20 июня на главной сцене Литературного фестиваля на Красной площади были объявлены семь лауреатов премии «Лицей». В книгу включены тексты победителей — прозаиков Катерины Кожевиной, Ислама Ханипаева, Екатерины Макаровой, Таши Соколовой и поэтов Ивана Купреянова, Михаила Бордуновского, Сорина Брута. Тексты произведений печатаются в авторской редакции. Используется нецензурная брань.
В книге рассказывается история главного героя, который сталкивается с различными проблемами и препятствиями на протяжении всего своего путешествия. По пути он встречает множество второстепенных персонажей, которые играют важные роли в истории. Благодаря опыту главного героя книга исследует такие темы, как любовь, потеря, надежда и стойкость. По мере того, как главный герой преодолевает свои трудности, он усваивает ценные уроки жизни и растет как личность.
В книге рассказывается история главного героя, который сталкивается с различными проблемами и препятствиями на протяжении всего своего путешествия. По пути он встречает множество второстепенных персонажей, которые играют важные роли в истории. Благодаря опыту главного героя книга исследует такие темы, как любовь, потеря, надежда и стойкость. По мере того, как главный герой преодолевает свои трудности, он усваивает ценные уроки жизни и растет как личность.
«Брачные узы» — типично «венский» роман, как бы случайно написанный на иврите, и описывающий граничащие с извращением отношения еврея-парвеню с австрийской аристократкой. При первой публикации в 1930 году он заслужил репутацию «скандального» и был забыт, но после второго, посмертного издания, «Брачные узы» вошли в золотой фонд ивритской и мировой литературы. Герой Фогеля — чужак в огромном городе, перекати-поле, невесть какими ветрами заброшенный на улицы Вены откуда-то с востока. Как ни хочет он быть здесь своим, город отказывается стать ему опорой.
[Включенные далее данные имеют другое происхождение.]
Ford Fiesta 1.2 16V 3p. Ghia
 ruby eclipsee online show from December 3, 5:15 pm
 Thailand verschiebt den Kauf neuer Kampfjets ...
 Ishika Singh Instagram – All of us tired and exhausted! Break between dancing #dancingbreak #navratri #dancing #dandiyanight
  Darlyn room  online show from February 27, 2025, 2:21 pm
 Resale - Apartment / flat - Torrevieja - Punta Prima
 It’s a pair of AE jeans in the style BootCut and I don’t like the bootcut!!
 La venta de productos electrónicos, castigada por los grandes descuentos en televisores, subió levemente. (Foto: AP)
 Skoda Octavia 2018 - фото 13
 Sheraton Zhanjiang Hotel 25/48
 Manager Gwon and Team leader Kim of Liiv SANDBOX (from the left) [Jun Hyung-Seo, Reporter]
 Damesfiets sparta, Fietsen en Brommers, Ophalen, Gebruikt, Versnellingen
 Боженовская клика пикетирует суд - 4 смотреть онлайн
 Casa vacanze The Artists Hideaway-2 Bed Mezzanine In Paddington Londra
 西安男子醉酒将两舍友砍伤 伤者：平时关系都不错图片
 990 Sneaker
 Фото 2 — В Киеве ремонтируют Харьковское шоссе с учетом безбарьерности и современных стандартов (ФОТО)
Роман Минотавр рассказывает о буднях израильского тайного агента, в которые ворвалась всепоглощающая любовь к прекрасной девушке по имени Теа. И профессия, и время и место деятельности героя обрекают его на поиски выхода из лабиринта этнического и культурного противостояний. Биньямин Таммуз (1919, Харьков — 1989, Тель Авив) — один из ведущих израильских прозаиков, в этом увлекательном романе пересматривает увлекавшую его в молодости идеологию «Кнааним».